Suppose that completely stopping a subatomic particle, such as an electron, could happen under certain conditions. What would be likely ways to get an electron to be perfectly still, or even just stop rotating the nucleus and collapse into it by electromagnetic forces? What would likely be required, below absolute-zero temperatures? Negative energy? Or could a 0 energy rest state not exist in any form, of any possible universe imaginable?
Let's say there was a magnetic field of a certain shape that we could postulate that is so intensely strong that if we put an electron in the center of it, it could not move at all in any direction. Would the energy requirement of the field be infinite? What would be the particle's recourse under this condition?
Further, suppose it were possible and one could trap an electron and stop all motion completely. What would this do to Heisenberg's Uncertainty Principle and/or Quantum Mechanics, because its position and momentum (0) would both be known? If it can be done, is Quantum Mechanics no longer an accurate model of reality under these conditions? Could we say QM is an accurate model under most conditions, except where it is possible to measure both position and momentum of a particle with zero uncertainty?
Clarification:
Please assume, confined in a thought experiment, that it IS possible to stop a particle so that is has 0 fixed energy. This may mean Quantum Mechanics is false, and it may also mean that under certain conditions the uncertainty commutation is 0. ASSUMING that it could physically be done, what would be likely to do it, and what would be the implications on the rest of physics?
Bonus Points
Now here's the step I'm really after – can anyone tell me why a model in which particles can be stopped is so obviously not the reality we live in? Consider the 'corrected' model is QM everywhere else (so all it's predictions hold in the 'normal' regions of the universe), but particles can be COMPLETELY stopped {{inside black holes, between supermagnetic fields, or insert other extremely difficult/rare conditions here}}. How do we know it's the case that because the uncertainty principle has lived up to testing on earth-accessable conditions, that it holds up under ALL conditions, everywhere, for all times?
Best Answer
This is just a misunderstanding--- "no motion" in quantum mechanics is a different concept than "no motion" in classical mechanics. At zero temperature, nothing stops. Spherical uncharged black holes don't stop particles at the singularity, they absorb particles and time just ends at the singularity for the infalling matter. The wavefunctions are not made to stop.

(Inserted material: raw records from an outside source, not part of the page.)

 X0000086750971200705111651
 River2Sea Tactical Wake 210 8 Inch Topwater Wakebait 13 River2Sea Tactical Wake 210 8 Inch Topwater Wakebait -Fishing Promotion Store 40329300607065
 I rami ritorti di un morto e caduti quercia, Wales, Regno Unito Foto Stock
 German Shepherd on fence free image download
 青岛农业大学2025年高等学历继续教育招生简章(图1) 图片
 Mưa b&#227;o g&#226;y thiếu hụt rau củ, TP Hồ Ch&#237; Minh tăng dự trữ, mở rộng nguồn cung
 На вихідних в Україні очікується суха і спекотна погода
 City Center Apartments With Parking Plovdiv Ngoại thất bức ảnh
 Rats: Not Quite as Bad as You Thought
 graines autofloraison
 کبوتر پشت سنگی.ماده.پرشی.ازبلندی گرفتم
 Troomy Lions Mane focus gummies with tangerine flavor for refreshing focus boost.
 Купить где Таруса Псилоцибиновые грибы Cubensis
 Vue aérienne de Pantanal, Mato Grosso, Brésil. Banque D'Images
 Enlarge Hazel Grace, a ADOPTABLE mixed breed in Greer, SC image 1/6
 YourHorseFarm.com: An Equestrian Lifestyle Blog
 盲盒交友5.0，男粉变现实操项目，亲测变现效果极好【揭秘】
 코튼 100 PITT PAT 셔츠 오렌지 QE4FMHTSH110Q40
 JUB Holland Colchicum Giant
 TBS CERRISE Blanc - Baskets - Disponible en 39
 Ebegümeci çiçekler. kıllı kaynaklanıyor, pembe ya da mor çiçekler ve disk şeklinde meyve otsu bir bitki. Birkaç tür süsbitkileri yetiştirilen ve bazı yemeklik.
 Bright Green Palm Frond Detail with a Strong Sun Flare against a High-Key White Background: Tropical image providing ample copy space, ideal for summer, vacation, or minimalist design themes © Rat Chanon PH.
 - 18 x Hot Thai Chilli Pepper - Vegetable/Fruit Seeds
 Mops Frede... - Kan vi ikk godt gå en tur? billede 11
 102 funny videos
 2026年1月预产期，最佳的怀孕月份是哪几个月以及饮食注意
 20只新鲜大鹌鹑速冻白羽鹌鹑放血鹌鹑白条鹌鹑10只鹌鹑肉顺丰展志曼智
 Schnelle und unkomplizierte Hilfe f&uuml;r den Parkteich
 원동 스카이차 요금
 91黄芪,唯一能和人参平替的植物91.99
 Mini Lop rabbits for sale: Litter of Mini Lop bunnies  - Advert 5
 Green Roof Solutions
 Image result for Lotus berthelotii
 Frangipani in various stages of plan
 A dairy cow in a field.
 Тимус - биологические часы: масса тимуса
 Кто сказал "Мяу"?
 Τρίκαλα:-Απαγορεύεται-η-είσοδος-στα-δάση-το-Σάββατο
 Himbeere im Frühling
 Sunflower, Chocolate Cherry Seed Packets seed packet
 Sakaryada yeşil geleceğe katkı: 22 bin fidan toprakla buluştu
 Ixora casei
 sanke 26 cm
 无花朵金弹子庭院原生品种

You can stop an electron by putting it in the ground state of Hydrogen. This is what it means to be stopped in quantum mechanics.
The reason one can be sure that the uncertainty principle applies to more than what we have seen is that it is impossible to make part of the world classical and part quantum mechanical, as understood by Bohr and Rosenfeld in the early days of quantum mechanics. The fact that the electron has an uncertainty principle means that there would be a contradiction if something else did not, because this would allow you to violate the uncertainty principle for electrons by interacting them with this new thing.
If the world is classical underneath, the classical variables will have very little relation to the position and momentum of classical point particles. This question is annoying, and it does not deserve any more attention than what it has gotten.